Projet pour l'entrée du Gemeentemuseum
Projet pour l'entrée du Gemeentemuseum de La Haye (Pays-Bas). Architecte : Hendrik Petrus
Berlage.(The Bridgeman Art Library/ Getty)
Berlage fait, en quelque sorte, le pont entre Richardson et Wright, aux États-Unis, et Pompe et Bodson en
Belgique : il associe la tradition artisanale au maniement de produits industriels, la rigueur (de la
composition) au sentiment (de la forme, de la substance, de la spatialité) pour donner sa pleine et entière
valeur au geste architectural, compris comme une structure de communication (sémiotique) chargée de
transmettre à l'homme-récepteur un régime plus ou moins étendu d'informations par l'intermédiaire d'un
code où se reconnaît le langage particulier de l'architecte.
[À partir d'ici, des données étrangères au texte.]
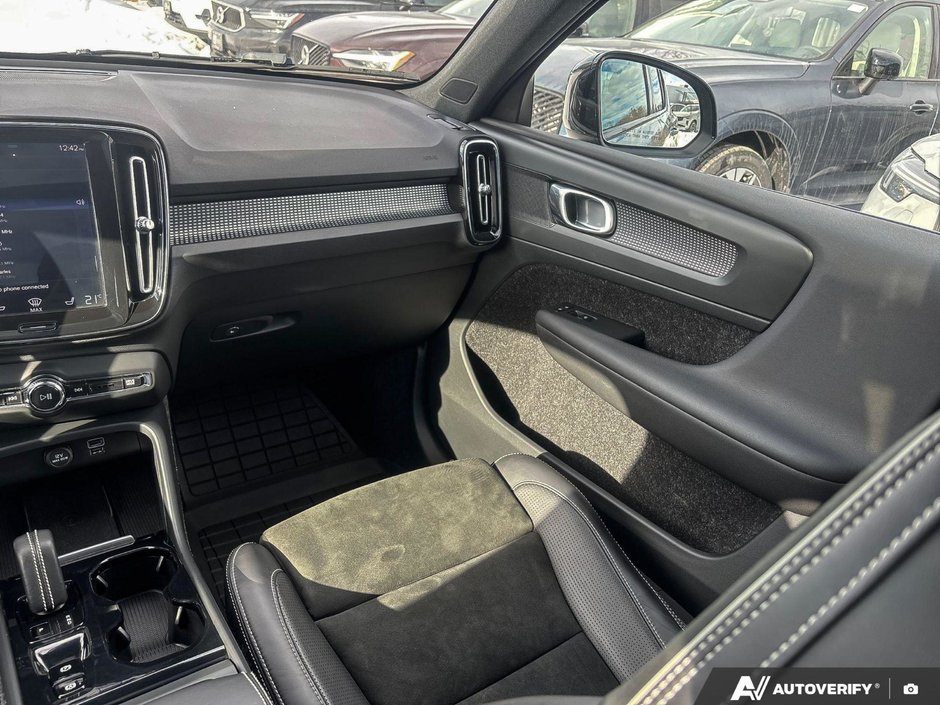 2020 Volvo XC40 R-Design-24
Ce langage est fondé sur l'emploi précis,
méticuleux d'un matériau régional, traditionnel, la brique, accessoirement associé à la pierre de taille et
traité au naturel (sans revêtement), et sur celui de divers éléments : le mur portant (traité comme surface
catégorique) ; la fenêtre étroite (couplée ou en triade) ; le pilier quadrangulaire en granit ; l'arc en plein
cintre fortement détendu (référence romane) ; la tourelle d'angle et le pan coupé (modèles empruntés à
Viollet-le-Duc) ; la console en triangle (référence romane) ; la tour-beffroi latérale (référence médiévale) ; le
traitement de la charpente en fer et de son vitrage, l'articulation du pan s'opérant généralement en fonction
d'un espace central, hall ou patio (Bourse d'Amsterdam, 1897-1903 ; villa Henny, La Haye, 1898 ; Musée
municipal, La Haye, 1933-1935), la poursuite d'équilibres neufs demeurant liée à la perception d'archaïsmes,
l'ensemble de ces facteurs visant toujours à obtenir un maximum de cohérence, de sobriété, d'authenticité
(« l'architecture traditionnelle, dit Berlage, est l'architecture du mensonge ») à partir de volumes pensés de
telle sorte qu'ils soient générateurs d'espaces pleins, denses, sensuels et sensualisés. « Nous devons revenir
à ce qui est authentique », affirme Berlage, « l'architecture doit être repensée dans ses fondements. L'art de
la construction reste celui d'assembler des éléments divers en un tout harmonieux pour enclore un espace.
Cette vérité fondamentale a été oubliée. » Cette architecture-volume, architecture cellulaire, génératrice
d'espaces fortement contenus par d'épaisses membranes aurait été, selon un confrère et compatriote de
Berlage, Michel de Klerk, trop étroitement liée à des vues utilitaires et trop asservie aux matériaux pour
exercer une influence culturelle. Il n'en demeure pas moins évident que ce n'est pas par hasard qu'elle a
stimulé, vers l'année 1912, Mies van der Rohe, l'un des grands représentants du futur style international. Ce
n'est pas davantage le hasard qui a conduit l'œuvre de Berlage à être tenue comme un système exemplaire
« modélisant » par les néo-plasticiens du Stijl, et Berlage lui-même à être considéré, dès 1900, comme le
chef de file de la rénovation architecturale hollandaise. On ne s'étonnera pas qu'il ait été appelé, en 1927, à
assister à la fondation des C.I.A.M. et, moins encore, qu'il ait refusé d'adhérer aux positions radicalement
fonctionnalistes et rationalistes de ce mouvement : car l'architecture organique de Berlage ne devait jamais
renoncer à incorporer à la modernité des modèles empruntés au passé médiéval ou renaissant. C'est à cette
attitude fondamentale qu'il faut attribuer sa manière de traiter l'édifice comme un monument, sa manière
d'orchestrer les volumes pour faire d'un bâtiment public ou privé un objet remarquable dans le paysage
urbain. Dans cette perspective, la Bourse d'Amsterdam, son œuvre maîtresse, conçue et construite avec la
vigueur, la concentration plastique et l'économie mécanique d'un temple roman, est aussi symbolique que la
Maison du peuple construite à Bruxelles à la même époque par Horta.